Klärung der Sichtverhältnisse

Bestandsaufnahme

Bevor wir uns wild und mit Begeisterung in die grosse Auswahl an durchdesignten, modernen Sichtschutzelementen stürzen, nehmen wir uns ein wenig Zeit, um eine kurze Bestandsaufnahme zu machen.

Nur weil wir uns “nackt” fühlen, heisst das noch lange nicht, dass wir uns einmauern müssen.

Wir klären jetzt erst einmal die “Sichtverhältnisse”.

In den nachstehenden Schemata zeige ich auf, welche Situationen und damit verbundene Probleme prinzipiell vor Ort vorhanden sein können.

Ausgangssituationen

Grundsätzlich gibt es 3 mögliche Ausgangssituationen:

1. Beobachter auf gleicher Höhe wie    Gartenbesitzer

2. Beobachter befindet sich auf einem erhöhteren Standort als der Gartenbesitzer

3. Beobachter befindet sich unterhalb des Gartenbesitzers

Situation 1 – Beobachter auf gleicher Höhe

Deine Terrasse, Dein Garten, oder Dein Lieblingsplatz befinden sich auf gleicher Höhe mit dem Betrachter, den wir im folgenden Freddy Vorwitz nennen wollen.
Freddy hat buchstäblich ein Auge auf Sonja Sonnenschein geworfen. Er scheint sehr interessiert zu sein an der offenherzigen Gestaltung des Gartens und ebenso sehr an der jungen Dame auf der Terrasse.

Situation 1

Freddy Vorwitz ist in diesem Fall auf der gleichen Höhe wie Sonja Sonnenschein.
Diese Situation ist noch recht einfach zu lösen.
Um Herrn Vorwitz zu bremsen kann Frau Sonnenschein ein bauliches Sichtschutzelement, die Hecke am laufenden Meter oder eine einfache Hecke installieren.

Situation 2

Hierbei spielt es keine Rolle, ob der Sichtschutz in der Nähe der Dame oder in Richtung Betrachter positioniert wird.
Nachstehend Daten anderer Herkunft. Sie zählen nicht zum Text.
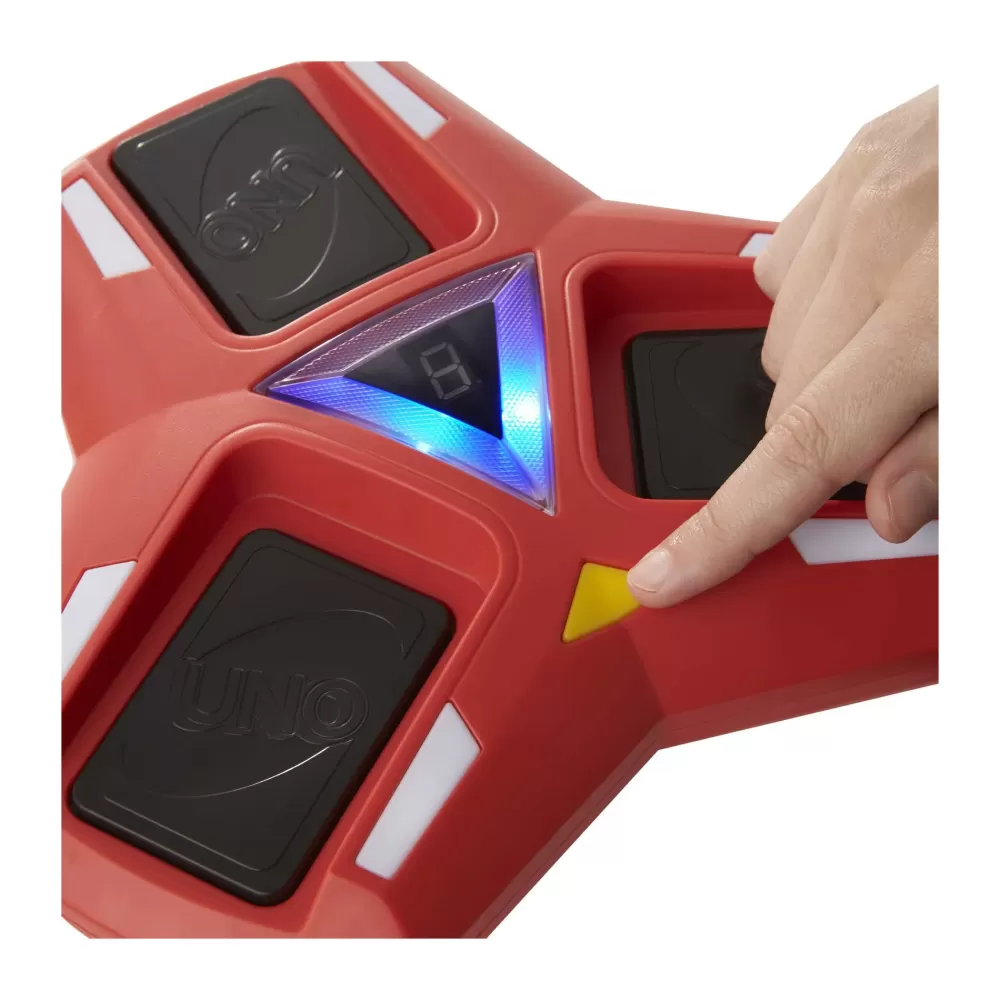 Online Uno Triple Play, Con Porta-Carte Con Luci E Suoni E 112 Carte, Per Ragazzi, Adulti E Bambini 7+ Anni Giochi Di Carte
Normalerweise wird sich Sonja Sonnenschein natürlich für eine grenznahe Lösung entscheiden, damit sie keinen Platzverlust auf dem eigenen Terrain hat.

Dies kann sich aber unter Umständen ändern, wenn zusätzlich die Problematik von Situation 2 dazu kommt.
Hier können mögliche Einblicke durch eine erhöhte Bebauung in der Nachbarschaft bestehen.
Betrachten wir uns diesen Fall einmal näher:

Situation 2 – erhöhter Standpunkt des Beobachters

Situation 3

Freddy Vorwitz beobachtet Fräulein Sonnenschein von einem erhöhten Standpunkt aus.
Dies kann eine Strasse sein, die höher liegt oder eine mehrgeschossige Bebauung.

Wie wir in der folgenden Ansicht sehen, genügt es in diesem Fall nicht, ein Sichtschutzelement, die Hecke am laufenden Meter, oder eine ander Hecke zu installieren.

Diese Lösungen sind für Situation 2 nicht geeignet. Nur durch extremes Heranrücken mit dem Sichtschutz an Frau Sonnenschein, kann ein gewisser Teilerfolg verbucht werden.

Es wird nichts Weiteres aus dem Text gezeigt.